Bung Karno bersama Inggit, Amsi (ibu Inggit), dan Ratna Juwami, ditepaykan di sebuah rumah di perkampungan kecil di Ende. Rumah-rumah di perkampungan itu beratap ilalang, tak ada listrik, tak ada air ledeng. Jalannya sangat sederhana.
Rumah pengasingan itu dikelilingi kebun pisang, kelapa, dan jagung. "Dalam segala hal, maka Ende di Pulau Bunga yang terpencil itu, bagiku menjadi ujung dunia,” kata Bung Karno.
Bung Karno tiba di dermaga Ende pada 14 Januari 1934 naik kapal dari Surabaya. Orang-orang terpandang di Ende, menurut Bung Karno terdiri dari orang-orang Belanda, pribumi-pribumi amtenar, dan “orang-orang yang memerintah seperti raja”.
Orang-orang terpandang inilah yang menurut Inggit seharusnya mengenal Bung Karno. Tapi nyatanya tak ada yang bersosialisasi dengan Bung Karno.
Bahkan, ketika Bung Karno pergi ke Biara Santo Yosef untuk menumpang baca, ia ditanya soal surat izin oleh salah satu pater.
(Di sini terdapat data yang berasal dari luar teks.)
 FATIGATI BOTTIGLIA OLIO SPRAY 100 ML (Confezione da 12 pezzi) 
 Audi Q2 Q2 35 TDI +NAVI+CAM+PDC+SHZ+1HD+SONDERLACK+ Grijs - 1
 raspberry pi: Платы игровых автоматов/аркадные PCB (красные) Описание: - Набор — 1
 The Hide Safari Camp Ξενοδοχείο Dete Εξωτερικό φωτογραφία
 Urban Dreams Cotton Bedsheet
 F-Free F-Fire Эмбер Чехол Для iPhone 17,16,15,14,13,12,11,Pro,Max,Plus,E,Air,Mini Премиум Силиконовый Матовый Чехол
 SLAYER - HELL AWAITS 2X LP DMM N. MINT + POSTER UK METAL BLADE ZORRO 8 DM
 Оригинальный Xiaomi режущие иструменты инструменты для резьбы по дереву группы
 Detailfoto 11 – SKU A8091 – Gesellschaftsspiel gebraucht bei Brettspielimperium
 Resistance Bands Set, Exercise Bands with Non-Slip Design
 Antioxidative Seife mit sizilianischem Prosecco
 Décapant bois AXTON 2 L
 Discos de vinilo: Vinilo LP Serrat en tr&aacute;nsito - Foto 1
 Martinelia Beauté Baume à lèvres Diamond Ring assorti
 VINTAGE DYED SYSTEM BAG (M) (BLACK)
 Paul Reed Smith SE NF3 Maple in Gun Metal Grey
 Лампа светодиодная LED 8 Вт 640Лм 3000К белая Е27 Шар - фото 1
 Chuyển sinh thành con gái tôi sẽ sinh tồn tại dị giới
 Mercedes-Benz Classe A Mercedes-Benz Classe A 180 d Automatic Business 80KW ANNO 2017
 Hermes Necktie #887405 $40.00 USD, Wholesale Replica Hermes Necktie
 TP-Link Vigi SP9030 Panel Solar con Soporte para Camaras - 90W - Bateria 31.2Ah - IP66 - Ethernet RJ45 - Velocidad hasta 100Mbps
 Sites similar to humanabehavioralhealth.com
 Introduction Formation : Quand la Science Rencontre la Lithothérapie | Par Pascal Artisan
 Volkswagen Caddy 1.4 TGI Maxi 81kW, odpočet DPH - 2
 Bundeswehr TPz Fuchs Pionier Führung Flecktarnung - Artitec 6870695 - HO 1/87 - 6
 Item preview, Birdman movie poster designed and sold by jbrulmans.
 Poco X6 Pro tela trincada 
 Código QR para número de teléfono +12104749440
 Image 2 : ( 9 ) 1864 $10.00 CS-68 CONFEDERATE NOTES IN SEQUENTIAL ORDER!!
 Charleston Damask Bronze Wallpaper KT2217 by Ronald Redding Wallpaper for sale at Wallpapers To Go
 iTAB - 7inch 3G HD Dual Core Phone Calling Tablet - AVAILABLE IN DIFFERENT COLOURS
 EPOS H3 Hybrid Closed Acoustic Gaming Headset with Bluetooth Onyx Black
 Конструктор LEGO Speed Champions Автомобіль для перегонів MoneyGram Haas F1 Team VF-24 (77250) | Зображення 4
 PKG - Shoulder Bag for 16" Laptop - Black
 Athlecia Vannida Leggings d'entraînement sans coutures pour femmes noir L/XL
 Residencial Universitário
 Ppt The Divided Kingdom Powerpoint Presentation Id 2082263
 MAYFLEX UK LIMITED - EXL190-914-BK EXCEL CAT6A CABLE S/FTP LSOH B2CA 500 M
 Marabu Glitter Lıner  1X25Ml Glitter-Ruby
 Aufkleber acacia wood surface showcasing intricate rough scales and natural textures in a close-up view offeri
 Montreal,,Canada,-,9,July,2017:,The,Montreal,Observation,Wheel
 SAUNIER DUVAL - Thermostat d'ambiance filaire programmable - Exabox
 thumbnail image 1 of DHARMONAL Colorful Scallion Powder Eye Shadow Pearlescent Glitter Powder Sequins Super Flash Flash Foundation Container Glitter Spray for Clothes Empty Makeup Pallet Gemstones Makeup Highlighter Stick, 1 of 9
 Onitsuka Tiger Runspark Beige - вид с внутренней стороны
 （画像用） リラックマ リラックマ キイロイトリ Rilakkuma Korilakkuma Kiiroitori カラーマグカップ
Untungnya, ada pater lain yang bersimpati kepada Bung Karno, bernama Gerardus Huijtink.
Pater itu mengaku sering membaca berita mengenai Bung Karno. Ia mendukung perjuangan Bung Karno, lalu memberi izin Bung Karno untuk membaca di perpustakaan biara. Bahkan Bung Karno diberi kunci, jika sewaktu-waktu saat datang tidak ada orang, Bung Karno bisa masuk dengan kunci itu.
“Orang-orang terkemuka di sini tidak mengacuhkanku bukan karena tidak kenal. Akan tetapi justru karena mengenalku,” kata Bung Karno merespons keheranan Inggit.
Inggit menceritakan adik raja yang diusir Beland dari seklahnya di Surabaya. Penyebabnya, karena adik raja itu tertarik dengan gerakan kebangsaan.
“Kemudian dia dipulangkan kemari, sehingga tidak dapat lagi mempelajari politik,” kata Inggit.
“Itulah yang kumaksud,” kata Bung Karno. “Mana mungkin dia jadi kawanku. Dia berada di sini karena alasan yang sama denganku, sebagai hukuman,” lanjut Bung Karno.